### Work required
Give an exact copy of every entry.

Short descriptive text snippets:
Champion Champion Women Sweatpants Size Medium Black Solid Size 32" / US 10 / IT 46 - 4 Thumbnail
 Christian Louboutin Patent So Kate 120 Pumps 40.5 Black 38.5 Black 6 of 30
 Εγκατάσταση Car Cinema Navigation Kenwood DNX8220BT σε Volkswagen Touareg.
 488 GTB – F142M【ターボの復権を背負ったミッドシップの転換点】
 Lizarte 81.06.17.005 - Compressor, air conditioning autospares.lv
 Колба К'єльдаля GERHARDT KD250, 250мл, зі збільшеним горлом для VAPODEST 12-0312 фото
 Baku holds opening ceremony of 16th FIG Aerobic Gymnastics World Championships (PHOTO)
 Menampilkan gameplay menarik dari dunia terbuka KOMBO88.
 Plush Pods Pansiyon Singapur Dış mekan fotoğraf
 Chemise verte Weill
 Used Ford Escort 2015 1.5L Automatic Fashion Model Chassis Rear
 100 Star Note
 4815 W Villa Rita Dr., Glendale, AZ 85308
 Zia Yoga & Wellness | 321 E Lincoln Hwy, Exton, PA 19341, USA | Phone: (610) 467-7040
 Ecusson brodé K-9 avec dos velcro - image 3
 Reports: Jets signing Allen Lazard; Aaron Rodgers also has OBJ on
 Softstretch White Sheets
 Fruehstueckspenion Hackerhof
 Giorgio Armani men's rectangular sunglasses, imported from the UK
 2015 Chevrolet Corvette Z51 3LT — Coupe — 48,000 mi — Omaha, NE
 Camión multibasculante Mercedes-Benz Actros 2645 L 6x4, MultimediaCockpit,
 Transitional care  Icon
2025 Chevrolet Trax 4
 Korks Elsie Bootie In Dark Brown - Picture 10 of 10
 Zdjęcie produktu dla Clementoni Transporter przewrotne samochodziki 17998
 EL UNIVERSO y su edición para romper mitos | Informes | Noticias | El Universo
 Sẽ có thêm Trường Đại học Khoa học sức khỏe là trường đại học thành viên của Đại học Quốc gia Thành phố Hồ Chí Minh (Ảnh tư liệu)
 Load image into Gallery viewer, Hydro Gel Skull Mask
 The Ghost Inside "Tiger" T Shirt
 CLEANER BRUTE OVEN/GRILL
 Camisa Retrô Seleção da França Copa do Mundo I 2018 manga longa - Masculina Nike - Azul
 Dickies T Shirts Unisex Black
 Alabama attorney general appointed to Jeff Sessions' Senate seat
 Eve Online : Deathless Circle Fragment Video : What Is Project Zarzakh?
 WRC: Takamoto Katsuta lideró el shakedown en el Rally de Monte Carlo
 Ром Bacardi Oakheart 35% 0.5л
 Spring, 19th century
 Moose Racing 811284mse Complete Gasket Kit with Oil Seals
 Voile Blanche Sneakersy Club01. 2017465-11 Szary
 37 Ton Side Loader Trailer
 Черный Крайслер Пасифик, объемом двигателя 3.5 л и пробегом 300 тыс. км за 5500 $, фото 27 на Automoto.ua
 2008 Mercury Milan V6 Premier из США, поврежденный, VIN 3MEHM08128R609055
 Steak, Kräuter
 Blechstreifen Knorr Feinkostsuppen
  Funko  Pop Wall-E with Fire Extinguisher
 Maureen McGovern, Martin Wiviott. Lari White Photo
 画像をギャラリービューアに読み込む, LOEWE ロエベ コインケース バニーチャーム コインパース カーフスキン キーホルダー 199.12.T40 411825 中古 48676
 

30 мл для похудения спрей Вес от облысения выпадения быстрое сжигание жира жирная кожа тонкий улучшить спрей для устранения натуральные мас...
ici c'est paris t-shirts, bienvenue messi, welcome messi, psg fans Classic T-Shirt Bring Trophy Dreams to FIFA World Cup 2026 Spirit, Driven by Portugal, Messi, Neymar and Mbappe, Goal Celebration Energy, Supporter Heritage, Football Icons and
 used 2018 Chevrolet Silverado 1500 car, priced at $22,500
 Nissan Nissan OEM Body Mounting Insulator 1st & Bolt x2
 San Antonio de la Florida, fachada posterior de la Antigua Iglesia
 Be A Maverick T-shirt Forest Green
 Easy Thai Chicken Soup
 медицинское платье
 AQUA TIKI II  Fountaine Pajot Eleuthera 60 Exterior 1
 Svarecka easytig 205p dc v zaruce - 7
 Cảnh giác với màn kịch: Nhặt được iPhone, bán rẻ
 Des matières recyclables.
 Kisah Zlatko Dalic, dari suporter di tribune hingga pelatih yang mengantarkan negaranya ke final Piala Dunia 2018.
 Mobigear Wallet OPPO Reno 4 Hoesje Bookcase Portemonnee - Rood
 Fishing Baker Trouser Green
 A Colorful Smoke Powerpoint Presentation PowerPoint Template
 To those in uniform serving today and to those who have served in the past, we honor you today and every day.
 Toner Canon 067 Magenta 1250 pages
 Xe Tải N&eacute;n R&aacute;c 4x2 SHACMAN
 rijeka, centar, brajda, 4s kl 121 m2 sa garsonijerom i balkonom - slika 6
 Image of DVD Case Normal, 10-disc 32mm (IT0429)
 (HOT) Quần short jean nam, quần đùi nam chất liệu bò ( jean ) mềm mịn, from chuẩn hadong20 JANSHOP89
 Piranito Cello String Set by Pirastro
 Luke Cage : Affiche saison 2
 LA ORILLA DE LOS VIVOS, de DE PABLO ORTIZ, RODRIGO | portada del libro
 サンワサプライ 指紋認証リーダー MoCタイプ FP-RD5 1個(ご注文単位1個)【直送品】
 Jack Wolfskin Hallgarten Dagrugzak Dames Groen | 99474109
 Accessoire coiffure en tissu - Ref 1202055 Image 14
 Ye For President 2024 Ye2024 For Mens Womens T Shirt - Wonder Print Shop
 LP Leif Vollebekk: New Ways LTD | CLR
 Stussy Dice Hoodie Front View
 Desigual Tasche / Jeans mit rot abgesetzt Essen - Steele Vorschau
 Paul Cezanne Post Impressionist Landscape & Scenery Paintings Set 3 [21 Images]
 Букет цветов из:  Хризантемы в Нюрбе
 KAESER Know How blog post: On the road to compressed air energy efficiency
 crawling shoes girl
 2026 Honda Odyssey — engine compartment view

### Expected answer
Champion Champion Women Sweatpants Size Medium Black Solid Size 32" / US 10 / IT 46 - 4 Thumbnail
 Christian Louboutin Patent So Kate 120 Pumps 40.5 Black 38.5 Black 6 of 30
 Εγκατάσταση Car Cinema Navigation Kenwood DNX8220BT σε Volkswagen Touareg.
 488 GTB – F142M【ターボの復権を背負ったミッドシップの転換点】
 Lizarte 81.06.17.005 - Compressor, air conditioning autospares.lv
 Колба К'єльдаля GERHARDT KD250, 250мл, зі збільшеним горлом для VAPODEST 12-0312 фото
 Baku holds opening ceremony of 16th FIG Aerobic Gymnastics World Championships (PHOTO)
 Menampilkan gameplay menarik dari dunia terbuka KOMBO88.
 Plush Pods Pansiyon Singapur Dış mekan fotoğraf
 Chemise verte Weill
 Used Ford Escort 2015 1.5L Automatic Fashion Model Chassis Rear
 100 Star Note
 4815 W Villa Rita Dr., Glendale, AZ 85308
 Zia Yoga & Wellness | 321 E Lincoln Hwy, Exton, PA 19341, USA | Phone: (610) 467-7040
 Ecusson brodé K-9 avec dos velcro - image 3
 Reports: Jets signing Allen Lazard; Aaron Rodgers also has OBJ on
 Softstretch White Sheets
 Fruehstueckspenion Hackerhof
 Giorgio Armani men's rectangular sunglasses, imported from the UK
 2015 Chevrolet Corvette Z51 3LT — Coupe — 48,000 mi — Omaha, NE
 Camión multibasculante Mercedes-Benz Actros 2645 L 6x4, MultimediaCockpit,
 Transitional care  Icon
2025 Chevrolet Trax 4
 Korks Elsie Bootie In Dark Brown - Picture 10 of 10
 Zdjęcie produktu dla Clementoni Transporter przewrotne samochodziki 17998
 EL UNIVERSO y su edición para romper mitos | Informes | Noticias | El Universo
 Sẽ có thêm Trường Đại học Khoa học sức khỏe là trường đại học thành viên của Đại học Quốc gia Thành phố Hồ Chí Minh (Ảnh tư liệu)
 Load image into Gallery viewer, Hydro Gel Skull Mask
 The Ghost Inside "Tiger" T Shirt
 CLEANER BRUTE OVEN/GRILL
 Camisa Retrô Seleção da França Copa do Mundo I 2018 manga longa - Masculina Nike - Azul
 Dickies T Shirts Unisex Black
 Alabama attorney general appointed to Jeff Sessions' Senate seat
 Eve Online : Deathless Circle Fragment Video : What Is Project Zarzakh?
 WRC: Takamoto Katsuta lideró el shakedown en el Rally de Monte Carlo
 Ром Bacardi Oakheart 35% 0.5л
 Spring, 19th century
 Moose Racing 811284mse Complete Gasket Kit with Oil Seals
 Voile Blanche Sneakersy Club01. 2017465-11 Szary
 37 Ton Side Loader Trailer
 Черный Крайслер Пасифик, объемом двигателя 3.5 л и пробегом 300 тыс. км за 5500 $, фото 27 на Automoto.ua
 2008 Mercury Milan V6 Premier из США, поврежденный, VIN 3MEHM08128R609055
 Steak, Kräuter
 Blechstreifen Knorr Feinkostsuppen
  Funko  Pop Wall-E with Fire Extinguisher
 Maureen McGovern, Martin Wiviott. Lari White Photo
 画像をギャラリービューアに読み込む, LOEWE ロエベ コインケース バニーチャーム コインパース カーフスキン キーホルダー 199.12.T40 411825 中古 48676
 

30 мл для похудения спрей Вес от облысения выпадения быстрое сжигание жира жирная кожа тонкий улучшить спрей для устранения натуральные мас...
ici c'est paris t-shirts, bienvenue messi, welcome messi, psg fans Classic T-Shirt Bring Trophy Dreams to FIFA World Cup 2026 Spirit, Driven by Portugal, Messi, Neymar and Mbappe, Goal Celebration Energy, Supporter Heritage, Football Icons and
 used 2018 Chevrolet Silverado 1500 car, priced at $22,500
 Nissan Nissan OEM Body Mounting Insulator 1st & Bolt x2
 San Antonio de la Florida, fachada posterior de la Antigua Iglesia
 Be A Maverick T-shirt Forest Green
 Easy Thai Chicken Soup
 медицинское платье
 AQUA TIKI II  Fountaine Pajot Eleuthera 60 Exterior 1
 Svarecka easytig 205p dc v zaruce - 7
 Cảnh giác với màn kịch: Nhặt được iPhone, bán rẻ
 Des matières recyclables.
 Kisah Zlatko Dalic, dari suporter di tribune hingga pelatih yang mengantarkan negaranya ke final Piala Dunia 2018.
 Mobigear Wallet OPPO Reno 4 Hoesje Bookcase Portemonnee - Rood
 Fishing Baker Trouser Green
 A Colorful Smoke Powerpoint Presentation PowerPoint Template
 To those in uniform serving today and to those who have served in the past, we honor you today and every day.
 Toner Canon 067 Magenta 1250 pages
 Xe Tải N&eacute;n R&aacute;c 4x2 SHACMAN
 rijeka, centar, brajda, 4s kl 121 m2 sa garsonijerom i balkonom - slika 6
 Image of DVD Case Normal, 10-disc 32mm (IT0429)
 (HOT) Quần short jean nam, quần đùi nam chất liệu bò ( jean ) mềm mịn, from chuẩn hadong20 JANSHOP89
 Piranito Cello String Set by Pirastro
 Luke Cage : Affiche saison 2
 LA ORILLA DE LOS VIVOS, de DE PABLO ORTIZ, RODRIGO | portada del libro
 サンワサプライ 指紋認証リーダー MoCタイプ FP-RD5 1個(ご注文単位1個)【直送品】
 Jack Wolfskin Hallgarten Dagrugzak Dames Groen | 99474109
 Accessoire coiffure en tissu - Ref 1202055 Image 14
 Ye For President 2024 Ye2024 For Mens Womens T Shirt - Wonder Print Shop
 LP Leif Vollebekk: New Ways LTD | CLR
 Stussy Dice Hoodie Front View
 Desigual Tasche / Jeans mit rot abgesetzt Essen - Steele Vorschau
 Paul Cezanne Post Impressionist Landscape & Scenery Paintings Set 3 [21 Images]
 Букет цветов из:  Хризантемы в Нюрбе
 KAESER Know How blog post: On the road to compressed air energy efficiency
 crawling shoes girl
 2026 Honda Odyssey — engine compartment view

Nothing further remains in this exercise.